1. Take advantage of baseball's predictability. A lot of time, the players are going to be in a certain spot or range of spots. Once you're correctly focused on a hitter at the plate, focus doesn't need to change. If you can change your position, you can pick a spot where even a moving player doesn't change the distance between you. Then you can move the focus switch to manual.

2. For sports, you're going to need a certain minimum shutter speed, otherwise correct focus won't matter - the subject will be motion-blurred. If the shutter speed is too slow, you can raise ISO or lower the aperture number. Your lens doesn't offer you a lot of flexibility with aperture, so raise ISO instead. You'll lose some image quality at ISO 1600 or 3200, but a night game may force you that high. With the K-x you'll have cleaner images at higher ISOs. If you don't want to choose ISO, set the camera to Auto ISO, but you can limit the camera to a rang of values to preserve quality. On the DL, Menu -> Custom -> ISO Correction in Auto. In daylight, I would limit the upper value to 800, 1600 in cloudy, 3200 at night.
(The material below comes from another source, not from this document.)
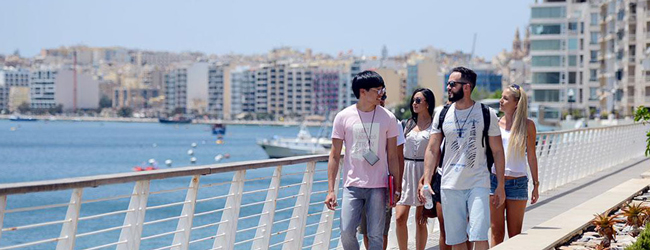 LISA-Sprachreisen-Erwachsene-Englisch-Malta-Sliema-Campus-Promenade-Meer-Sommer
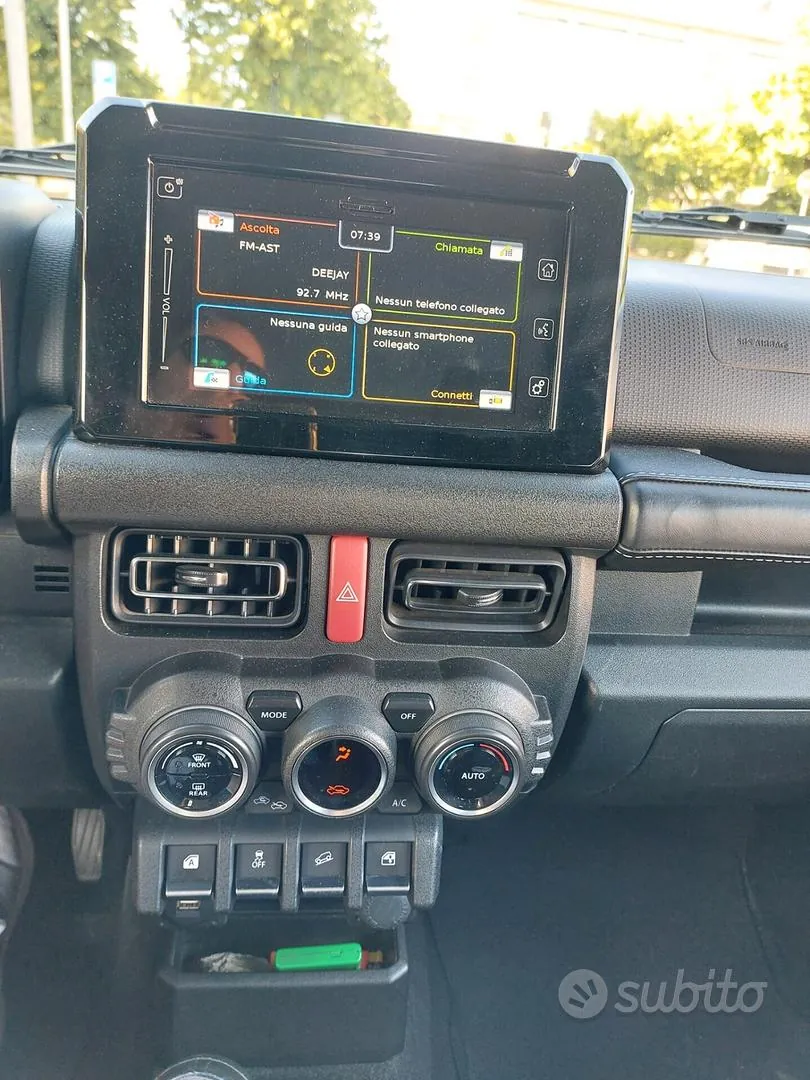 Suzuki Jimny 2018 photo 3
3. You could certainly spend double your budget on a super-fast new lens. I don't think I would. You can look at EXIF on your old pictures to see what settings the camera chose. The lens is probably sharpest at f8-f11. You probably don't ever need the aperture to be a higher number than that. The lens will produce slightly softer images at its extremes, like f5.6/320mm. If you can, backing off the zoom a little might help. For non-dayllight games, you will probably be stuck at f5.6. The DA 55-300 that comes with the K-x kit has similar specs on paper but will produce slightly sharper images.

4. A tripod or monopod might help to limit camera movement. With a new camera, you'll gain image stabilization, which will help a lot.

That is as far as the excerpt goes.